Three Monkeys Online

A Curious, Alternative Magazine

Poland is no Country for Old People

Part of the government’s master plan, enthusiastically supported by Gazeta Wyborcza (boring the country where the main serious media agrees with the government), is to put an end to early retirement in Poland. Keep cracking the whip over the backs of aging proles: that’s the ticket. Perhaps, to give the neo-liberals their due, the system has been overly generous: miners and policemen could retire early on the justification that their jobs are particularly dangerous, but so too could journalists.

But although the state is saving money on pensions, there’s a slight problem, which no one – not even Alan Greenspan – could possibly have foreseen: where are all these old folks going to find work in a country with 8.8% unemployment? I mean, a million or two have packed up and left but it’s still a tough market out there. Who are you going to hire? Some oldie who, due to destructive, deeply-engrained habits, may expect to be treated like a human being? Someone who has maybe got used to living on meals not concocted by adding boiling water, who has a proper flat with real bills to pay, perhaps a few children still left to feed, clothe and educate? Somebody who, in short, needs a decent wage? Or some easily exploited young buck who lives with his parents and can therefore can devote all of his weekly pittance to nice shiny things? Some poor idiot straight out of school who thinks any wage is better than pocket money and has never heard of workers’ rights? The choice is clear for any capitalist, which is why the taxpayer has had to step in with cash to make employing old people realistic.
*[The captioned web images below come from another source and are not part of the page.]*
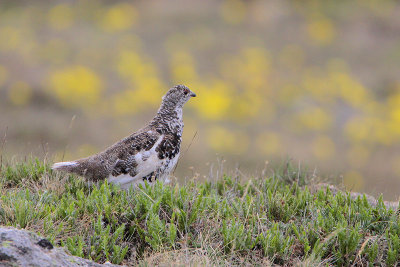 White-tailed Ptarmigan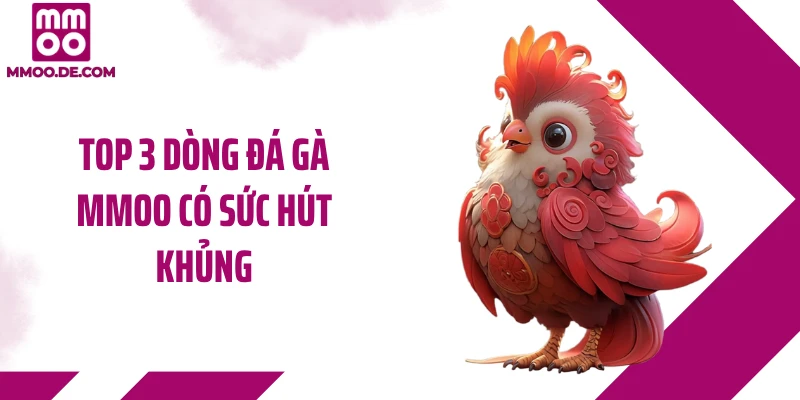 Top 3 dòng đá gà MMOO có sức hút khủng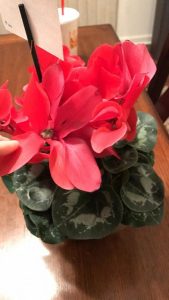 1486001960-name-that-plant-1 | Walter Reeves: The Georgia Gardener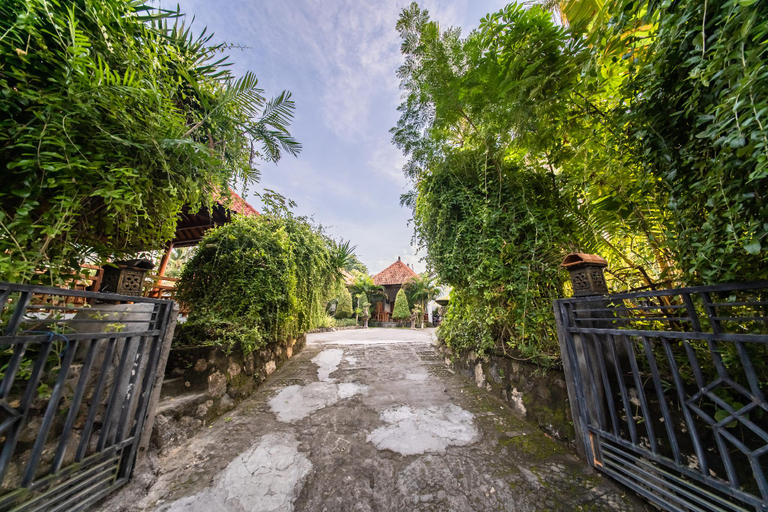 Others 4, Nusa Ceningan Bungalows, Klungkung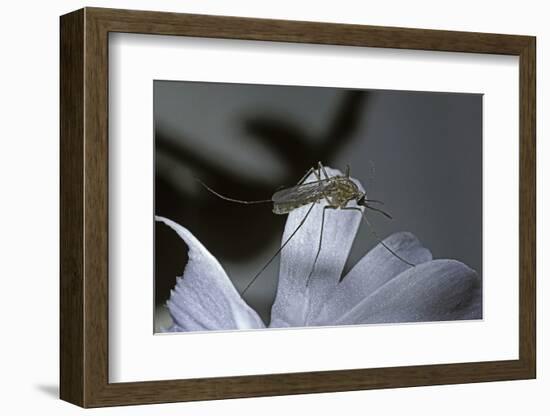 Culex Pipiens (Common House Mosquito) - on a Flower-Paul Starosta-Framed Photographic Print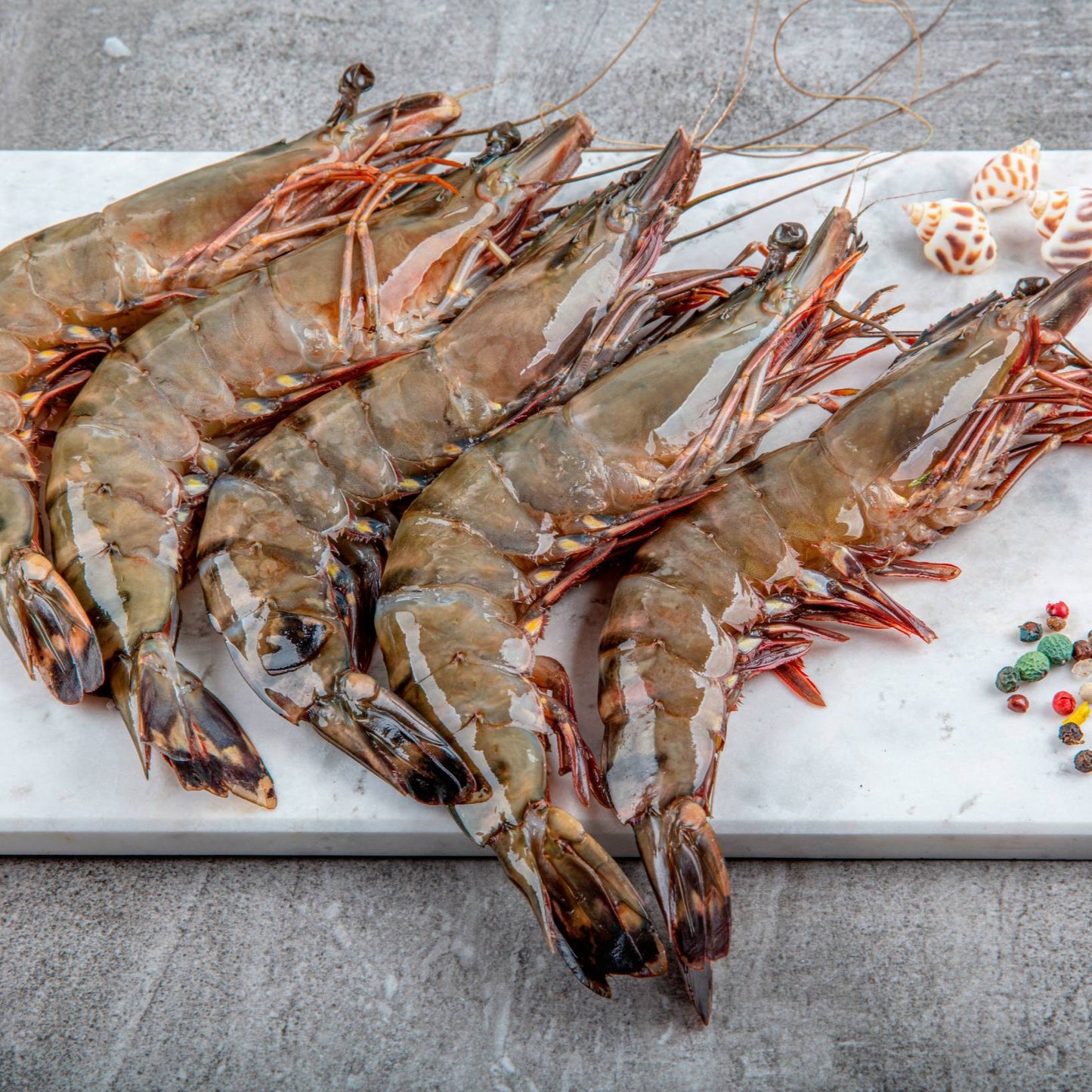 Fresh Big prawns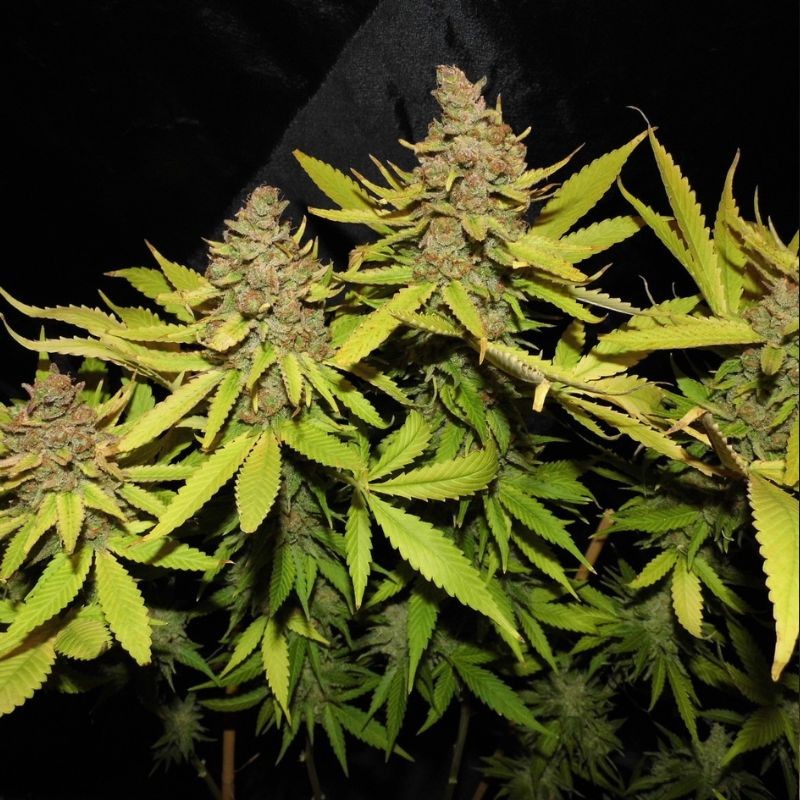 Nasiona marihuany Candy Dream Skunk 1 - odmiana konopi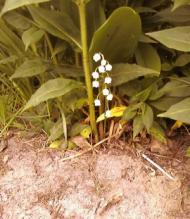 Мальовниче Березове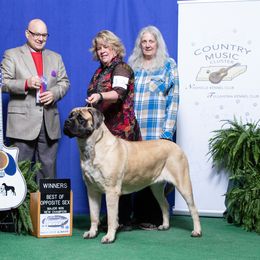 Mastiff Puppies from Celtic's Mastiffs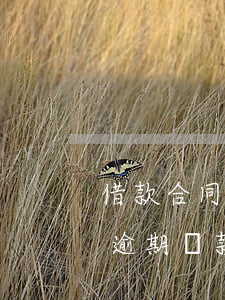 借款合同逾期還款合同解除權(quán)(逾期還款銀行解除合同)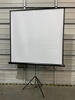 Projector Screen - Large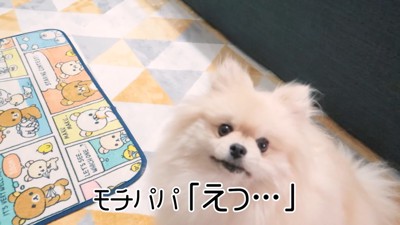 モチちゃんを巡る争い10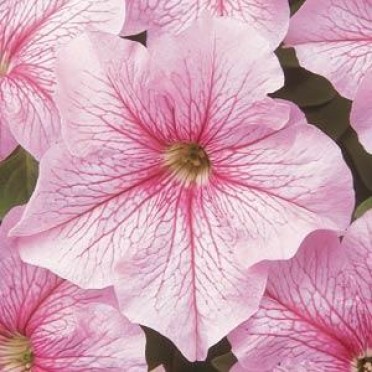 Petunia 'Dreams Pink Vein'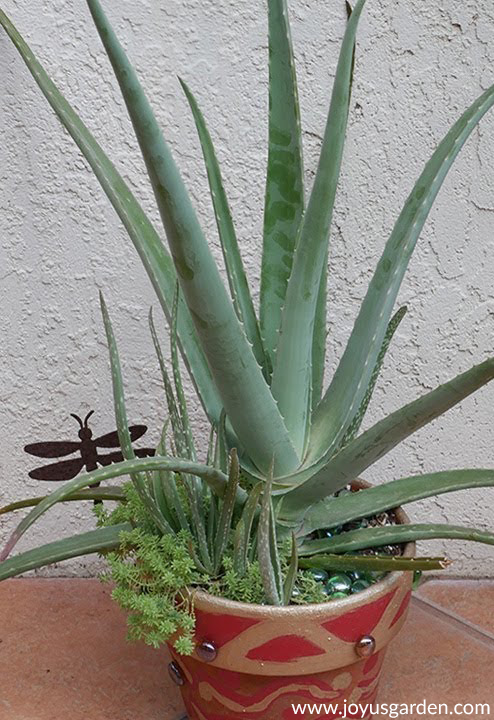 close up of an aloe vera plant with babies at the base in a red & gold pot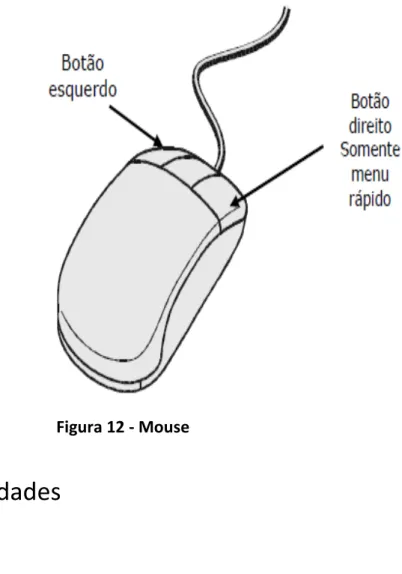 Figura 12 - Mouse 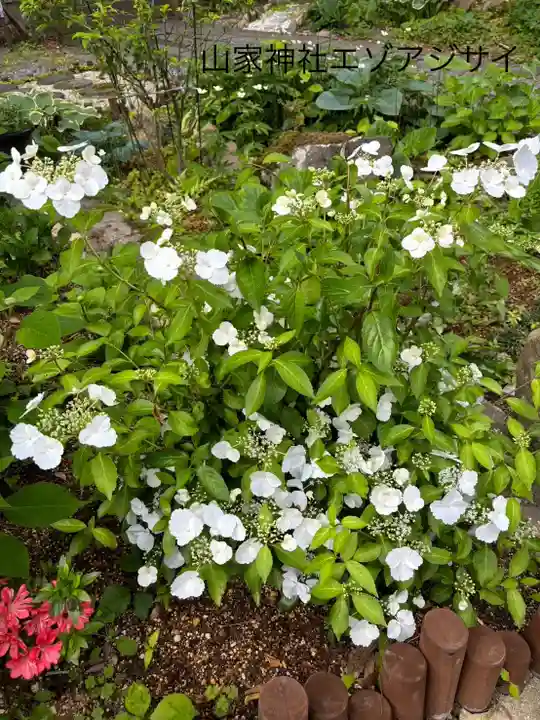 真田神社の自然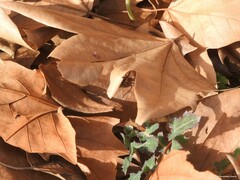 Alopecosa albofasciata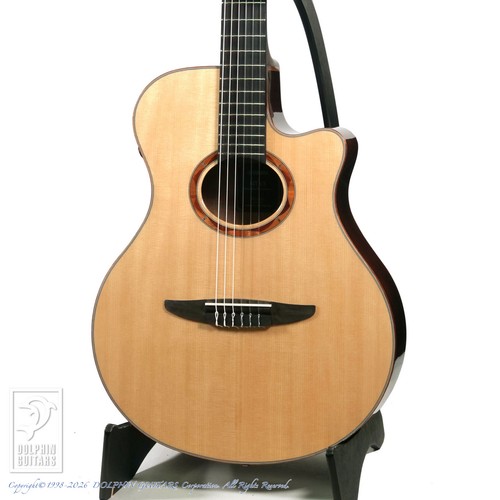 Yamaha ntx3 - ntx3, (2025)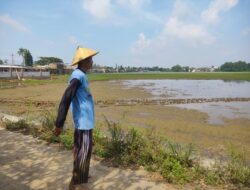 Proyek KDMP Diduga Tutup Saluran Air, 10 Hektar Sawah Petani Sarirejo Terendam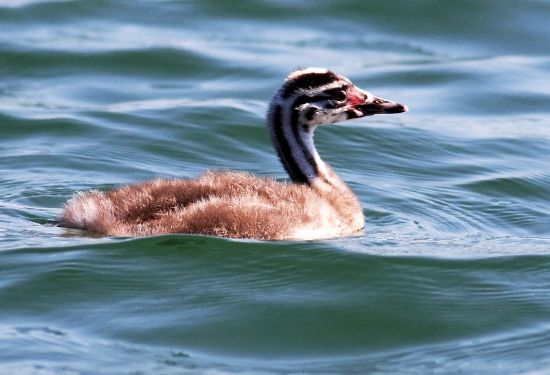 Bebek Bahri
Hence the signs that have been appearing around Poland advertising, as usual, education as the answer to economic problems. One billboard advertises the “50+ manager” scheme to turn your ma into a key account manager or whatever they’re called nowadays. But my favourite so far is the free training (245 hours!) being offered to people over the age of 50 that want to become security guards. At last, something Donald Tusk and I can agree on: when we get caught shoplifting or smoking hash behind the bike sheds, neither of us wants some itchy-fingered teenage punk reaching for his baton to deal out some law and order.